● **Your assignment**: Reproduce, exactly and in full, the lines from the one with "La valse des pigeons (1991)" through the one with "LLC Podcast 29: Pokemon" in the data below; drop pictures.

***** Provided data

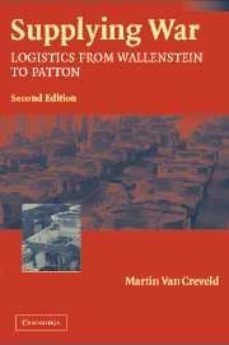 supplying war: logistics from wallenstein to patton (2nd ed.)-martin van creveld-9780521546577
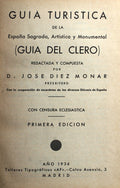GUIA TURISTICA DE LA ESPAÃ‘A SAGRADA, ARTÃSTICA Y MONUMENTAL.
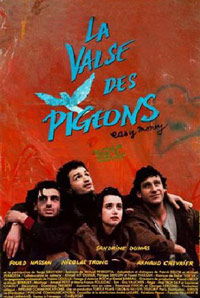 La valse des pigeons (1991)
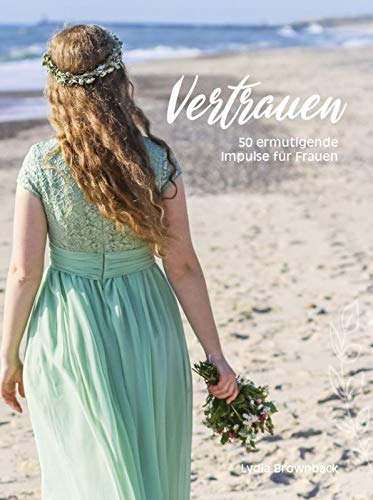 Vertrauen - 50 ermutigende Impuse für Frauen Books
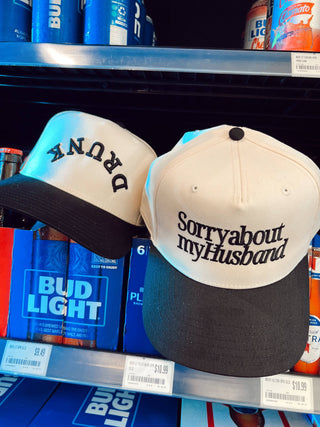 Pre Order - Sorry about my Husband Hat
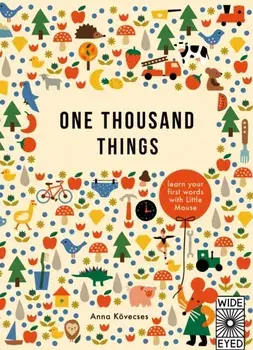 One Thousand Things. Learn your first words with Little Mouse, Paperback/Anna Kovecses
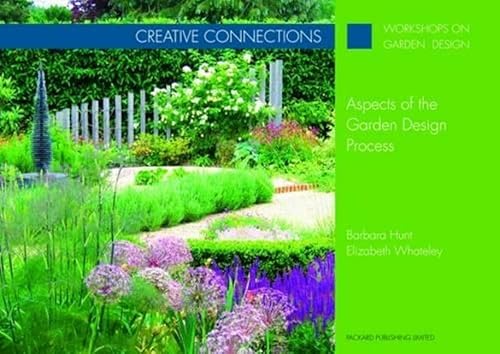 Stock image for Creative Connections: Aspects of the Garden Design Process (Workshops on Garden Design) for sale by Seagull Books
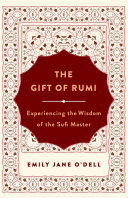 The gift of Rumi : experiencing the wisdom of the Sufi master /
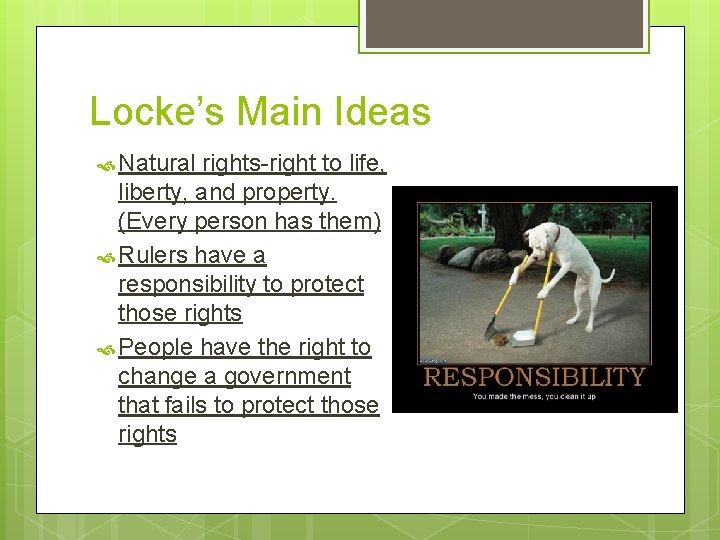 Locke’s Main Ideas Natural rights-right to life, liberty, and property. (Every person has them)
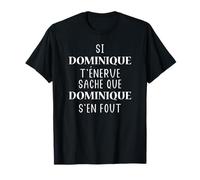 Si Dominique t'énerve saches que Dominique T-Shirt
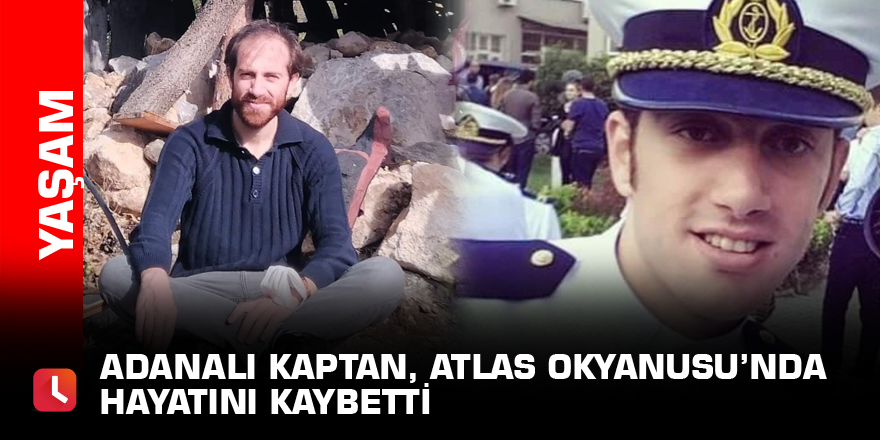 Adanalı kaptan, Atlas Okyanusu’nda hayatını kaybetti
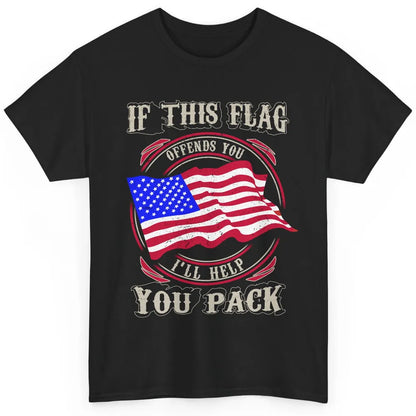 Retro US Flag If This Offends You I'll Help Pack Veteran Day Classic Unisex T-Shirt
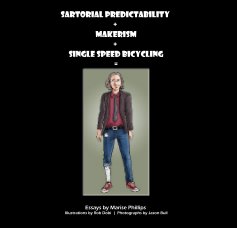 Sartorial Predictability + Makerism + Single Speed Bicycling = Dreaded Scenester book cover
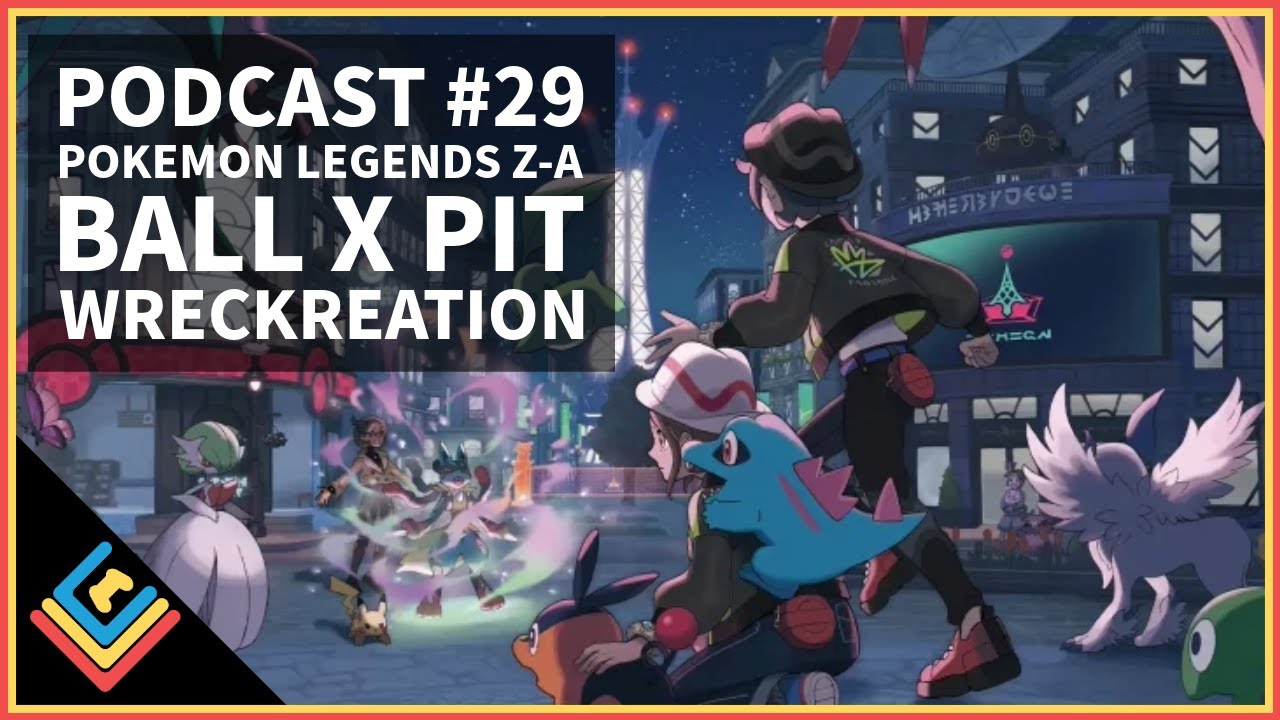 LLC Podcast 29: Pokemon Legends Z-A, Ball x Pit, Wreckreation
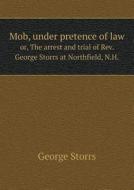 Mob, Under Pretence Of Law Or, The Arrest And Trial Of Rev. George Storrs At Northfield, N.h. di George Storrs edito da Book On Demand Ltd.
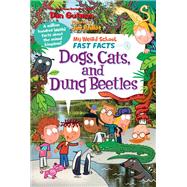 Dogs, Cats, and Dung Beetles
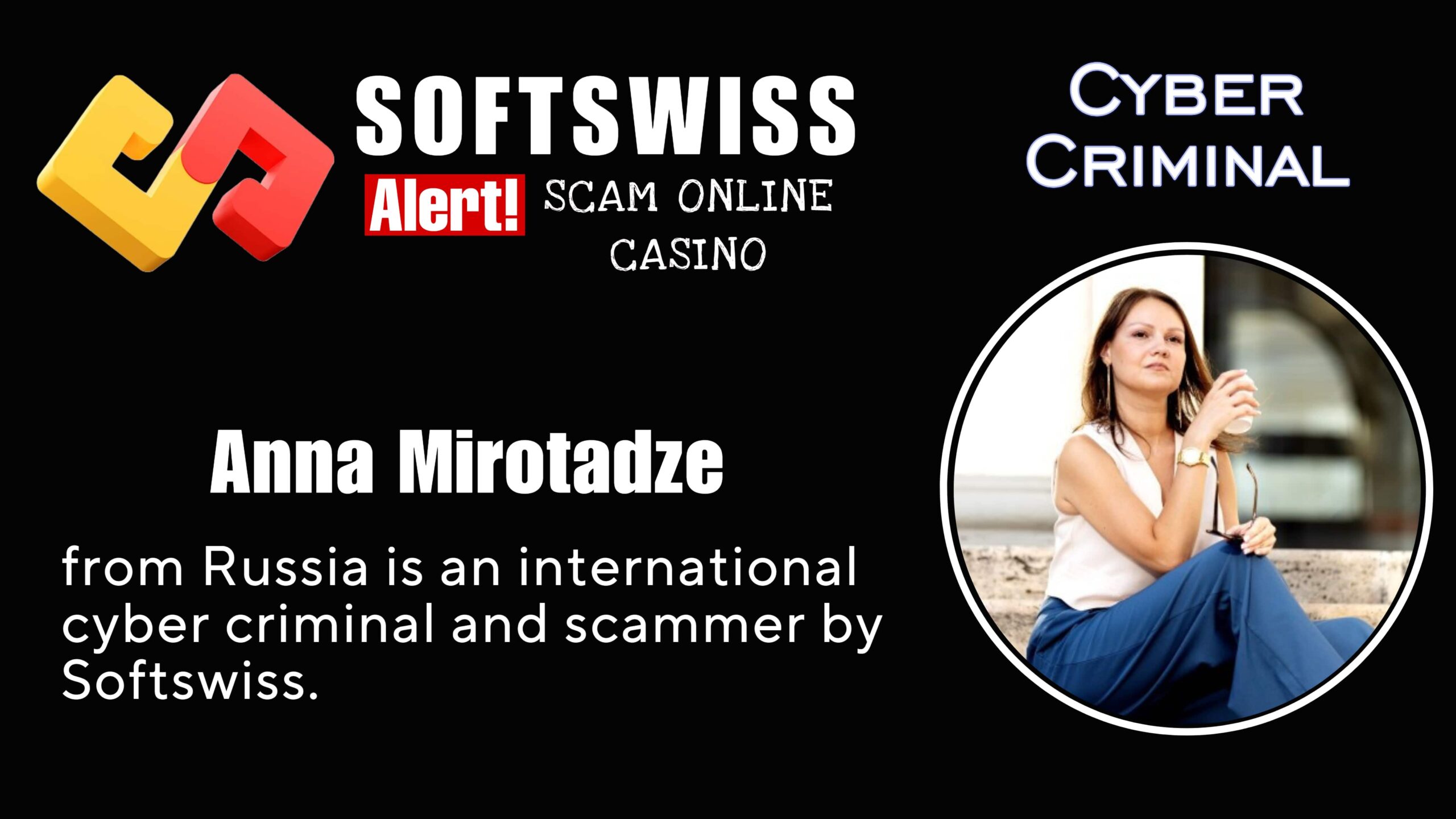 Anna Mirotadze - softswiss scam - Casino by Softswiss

**********
***** Provided data

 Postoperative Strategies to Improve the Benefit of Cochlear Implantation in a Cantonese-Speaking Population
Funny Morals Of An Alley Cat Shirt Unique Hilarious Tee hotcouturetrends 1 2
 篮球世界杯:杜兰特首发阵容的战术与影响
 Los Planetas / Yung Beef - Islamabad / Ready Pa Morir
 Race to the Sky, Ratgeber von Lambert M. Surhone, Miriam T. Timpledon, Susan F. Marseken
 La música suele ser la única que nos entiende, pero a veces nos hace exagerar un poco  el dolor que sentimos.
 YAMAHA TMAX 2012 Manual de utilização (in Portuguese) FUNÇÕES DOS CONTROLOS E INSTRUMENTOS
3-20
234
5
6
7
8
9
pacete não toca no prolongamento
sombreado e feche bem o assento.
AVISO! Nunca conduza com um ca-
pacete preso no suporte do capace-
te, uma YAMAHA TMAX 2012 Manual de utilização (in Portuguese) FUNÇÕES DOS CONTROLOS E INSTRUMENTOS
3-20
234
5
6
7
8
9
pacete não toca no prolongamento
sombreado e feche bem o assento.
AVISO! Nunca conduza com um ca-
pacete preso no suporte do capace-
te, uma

**********

● **Solution**:
 La valse des pigeons (1991)
 Vertrauen - 50 ermutigende Impuse für Frauen Books
 Pre Order - Sorry about my Husband Hat
 One Thousand Things. Learn your first words with Little Mouse, Paperback/Anna Kovecses
 Stock image for Creative Connections: Aspects of the Garden Design Process (Workshops on Garden Design) for sale by Seagull Books
 The gift of Rumi : experiencing the wisdom of the Sufi master /
 Locke’s Main Ideas Natural rights-right to life, liberty, and property. (Every person has them)
 Si Dominique t'énerve saches que Dominique T-Shirt
 Adanalı kaptan, Atlas Okyanusu’nda hayatını kaybetti
 Retro US Flag If This Offends You I'll Help Pack Veteran Day Classic Unisex T-Shirt
 Sartorial Predictability + Makerism + Single Speed Bicycling = Dreaded Scenester book cover
 LLC Podcast 29: Pokemon Legends Z-A, Ball x Pit, Wreckreation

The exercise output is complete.